Problem to work on — Below are entries; repeat exactly, and nothing else, the lines from the one holding "Apple iPhone 12 64 GB Blue" through the one holding "Hitler / Himmler", inclusive. Leave the pictures out.

Source material —
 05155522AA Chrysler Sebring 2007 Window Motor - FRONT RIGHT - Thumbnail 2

...

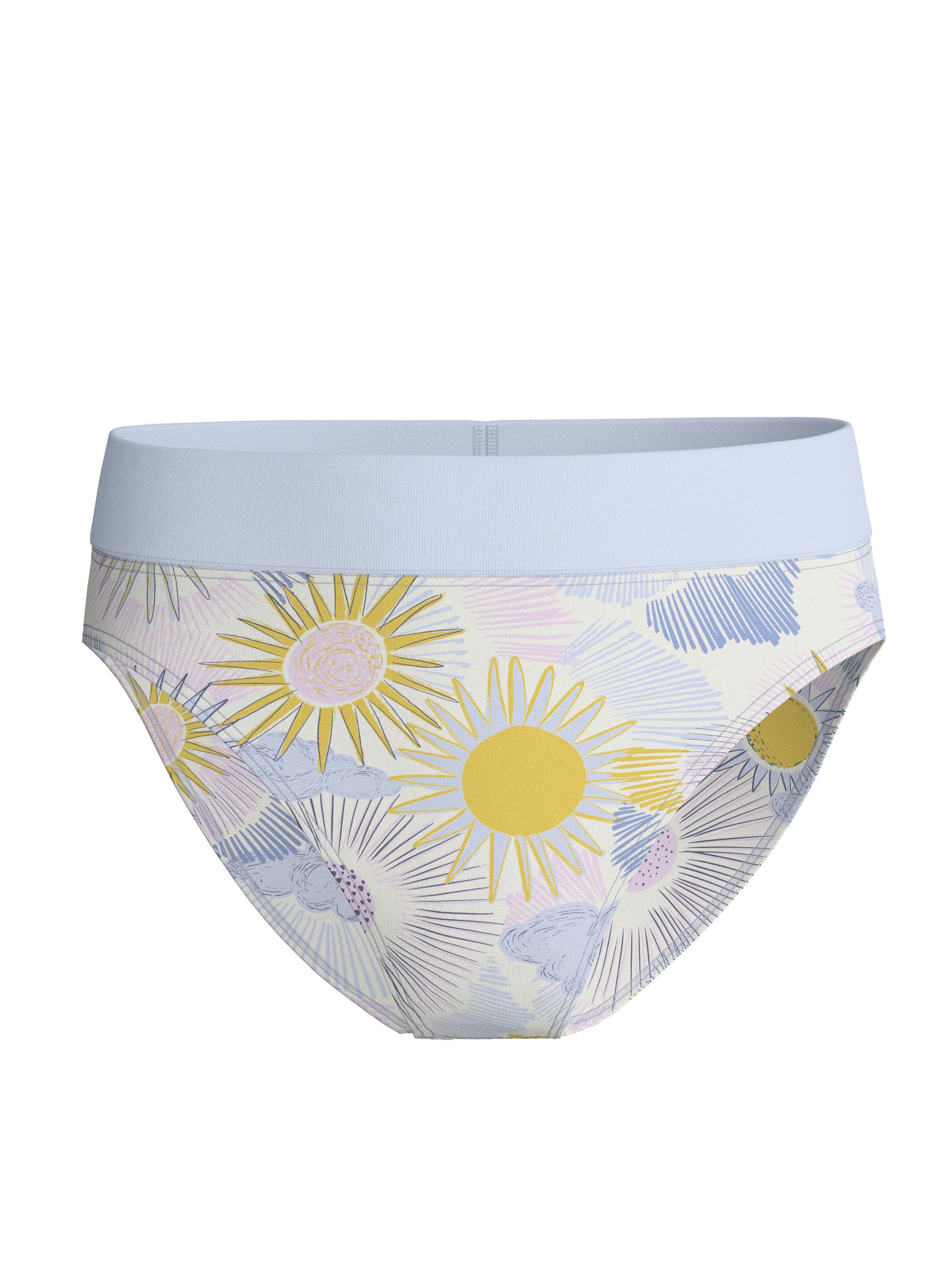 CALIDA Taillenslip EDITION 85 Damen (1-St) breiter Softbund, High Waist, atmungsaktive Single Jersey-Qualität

* * *

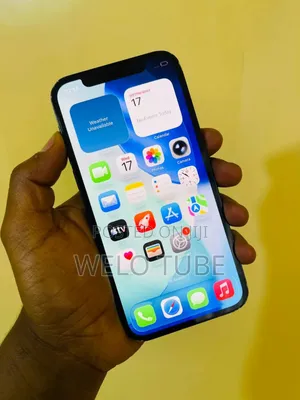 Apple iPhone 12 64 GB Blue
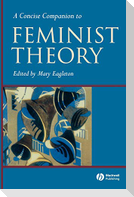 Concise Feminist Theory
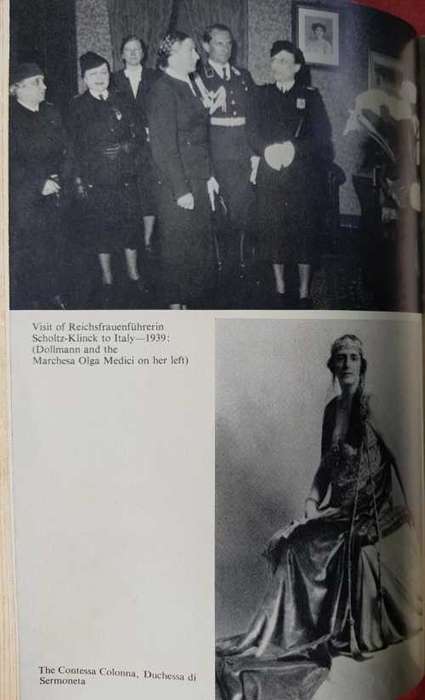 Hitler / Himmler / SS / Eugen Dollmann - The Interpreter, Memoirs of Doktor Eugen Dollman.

Output for this task —
 Apple iPhone 12 64 GB Blue
 Concise Feminist Theory
 Hitler / Himmler / SS / Eugen Dollmann - The Interpreter, Memoirs of Doktor Eugen Dollman.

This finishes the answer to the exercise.